Putting aside how Morrison really let me down with this comic (which is surprising as I love most stuff he does) at least Paquette absolutely nails it with the artwork. His layouts and the spreads are just incredible, with the imagery astounding my eyes as they darted across the pages and back over them again due to how fantastic it all appears on the page. Paquette saves the book from being a complete bummer and it makes me sad that Morrison failed so much writing a character he has done a fine job with in past DC-work he's been on. Oh well, at least that's some snazzy artwork.
2 out of 5 stars.

Vargic's Miscellany of Curious Maps: Mapping Out the Modern World
When my wife saw this huge book and asked what it was about I told her it was a big collection of maps. I realized this sounded kind of odd in our era of being able to access an atlas on our phone so I then clarified it was a book that used maps as a metaphor. That description is an apt one as this cool publication has both fictional maps that create a symbolic geography of subjects, and replications of the real-world with interesting data overlaid. There is a massive map of stereotypes that breaks-down all the cliché and offensive things that pop into the minds of people when they hear about a particular location in the world, there also are imaginary maps that show the landscape of the internet when it comes to video-streaming, more fact-driven maps such as ones that break-down the legality of cannabis or prostitution, and plenty more incredible geographic illustrations that are just wonderful.

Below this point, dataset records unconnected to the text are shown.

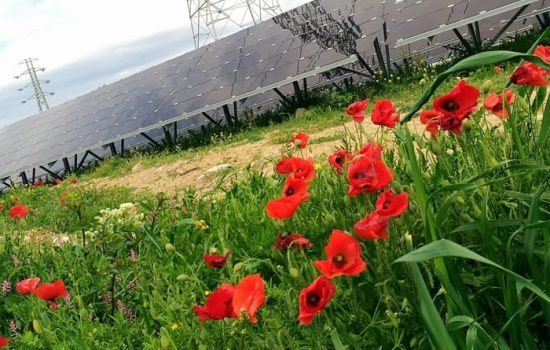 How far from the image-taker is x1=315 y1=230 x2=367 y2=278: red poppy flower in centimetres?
125

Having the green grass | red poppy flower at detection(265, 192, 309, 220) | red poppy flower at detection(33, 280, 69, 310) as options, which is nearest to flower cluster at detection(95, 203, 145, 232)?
the green grass

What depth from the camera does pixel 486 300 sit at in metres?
1.55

Hours could be spent pouring-over the highly-detailed large and medium-sized maps, and the smaller ones are pretty cool too. If you want something that takes an older art (map-making) and incorporates intriguing discussion of new technology and stats this a great book to read. I would highly recommend giving these maps at least a once-over!
5 out of 5 stars.

Thanks Again to my Library!
Thanks again to the Saint Louis County Library system for all the great books!